Of course the people singing in the shanty choirs are not necessarily nautical types. I remember a story of a shanty choir doing a performance on a boat which was forced to return because the choir got seasick. It is mainly a male business, although I did once see a performance of a female shanty choir. I don’t think I have yet seen many mixed shanty choirs but I am not so sure actually. I’ll keep my eyes open.
The repertoire is interesting. Dutch, English, American and German shanties, but not only shanties; in some choirs anything with a vague connection to something sea-ish is potentially on the playlist. Often there is a conductor; often he is not trained as a conductor but does the job anyway (don’t understand me wrong: I am completely in favor of musicians musicking without any formal music training – music in our society has come in the hands of specialists way too much). There is a small instrumental ensemble, often with an accordion but not always, and I have seen double basses, bass guitars, guitars (electric and acoustic), pianos, banjos, fiddles, whistles and much more.
Talking about specialization: there is of course a sort of international as well as national inner circle of festivals, good choirs, professional shanty singers, and shanty researchers.
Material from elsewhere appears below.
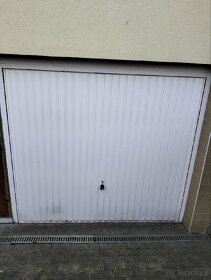 Výklopná garážová vrata - 2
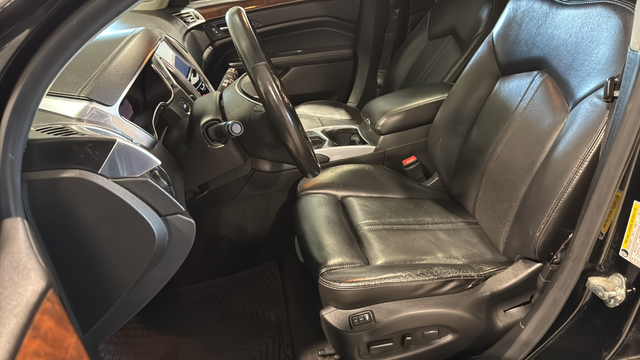 Used 2015  Cadillac Luxury image 9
When I was at the shanty festival in Appingedam last weekend, several of those (semi-)professionals performed, and there were stalls where you could buy for example the complete Folkways-collection of shanty cd’s (about 30, I guess), or huge and specialized books on several shanty traditions. I do not know what the relation is between this the shanty hard-core and the people singing in the local shanty choirs; I suspect many of the choir members are interested in singing in their choir but not in the paraphernalia surrounding it all. Maybe that’s the conductor’s task?
For me, an interesting thing is that there seems to be a relation between on the one hand the tradition of village choirs/brass bands and shanty choirs, but on the other hand maybe also with the Dutch folk revival in the 70s and 80s and the current shanty boom. At least in Friesland, the province where I was playing in the folk revival, many folk players at some point have turned to playing something maritime.
So far some descriptive remarks. They of course don’t answer the question from the beginning of this entry: why are those shanty choirs so popular nowadays? At some point I will make a serious study of shanty choirs in the North of the Netherlands in order to answer that question. Two remarks of two different spokesmen may point in the direction of a first answer. When I discussed my fascination for shanty choirs with a conservatoire colleague, expressing my wonder why people like to sing in those choirs so much, my colleague said: “Singing? That’s not singing!” - leaving me with the question what on earth is done in shanty choirs if it is not singing. And when I talked to the founder of a village shanty choir, he explained to me: “In most choirs they ask prospective members if they can sing. We never ask that. We ask if they want to sing. If the answer is yes, they’re in.”